** The data **
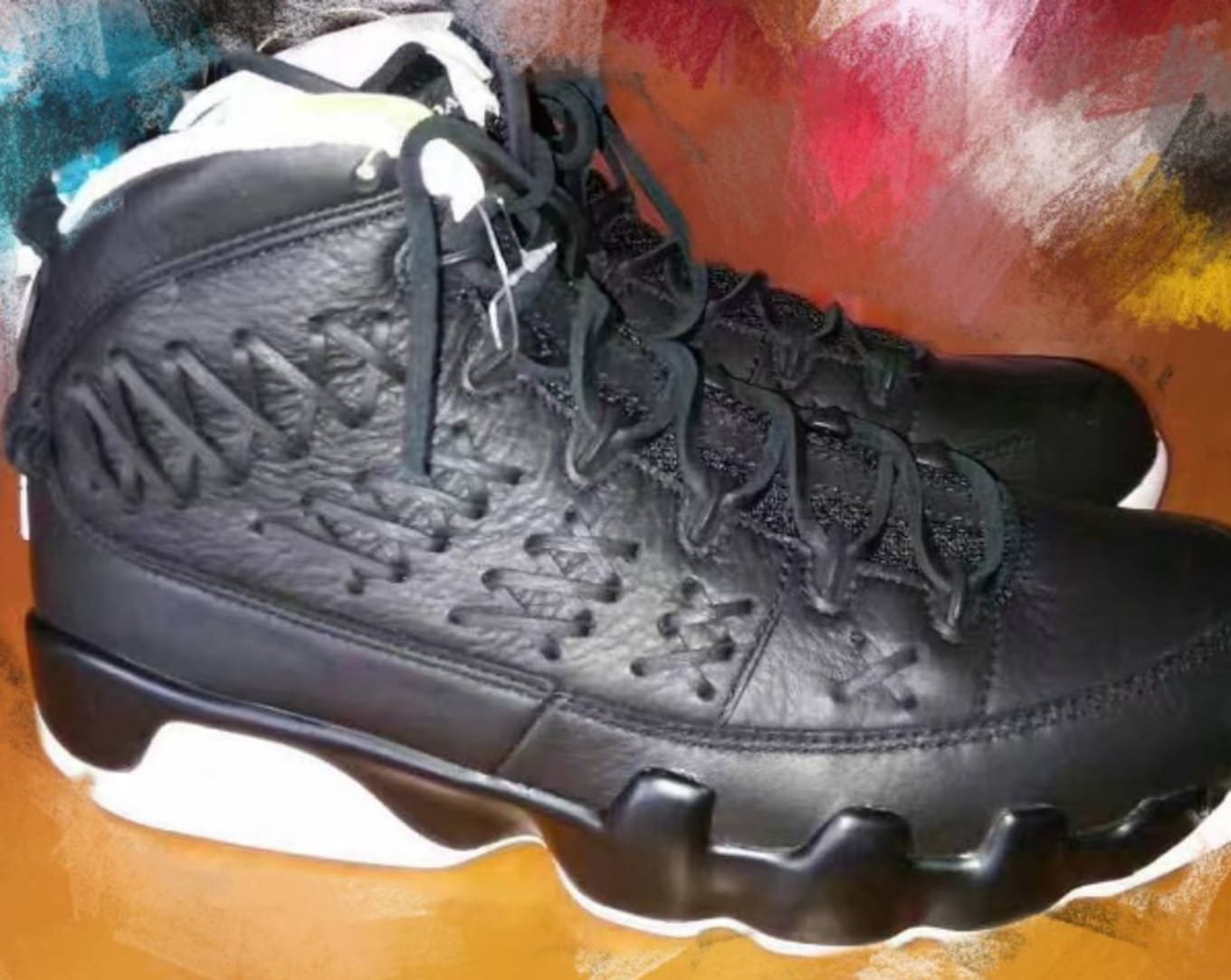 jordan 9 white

==

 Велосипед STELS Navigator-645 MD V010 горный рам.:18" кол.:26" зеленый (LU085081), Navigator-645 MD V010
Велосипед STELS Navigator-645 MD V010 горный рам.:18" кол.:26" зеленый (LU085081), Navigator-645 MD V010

** What you need to do **
Please copy every line of the data that carries the string "зеленый".

** Your solution **
 Велосипед STELS Navigator-645 MD V010 горный рам.:18" кол.:26" зеленый (LU085081), Navigator-645 MD V010
Велосипед STELS Navigator-645 MD V010 горный рам.:18" кол.:26" зеленый (LU085081), Navigator-645 MD V010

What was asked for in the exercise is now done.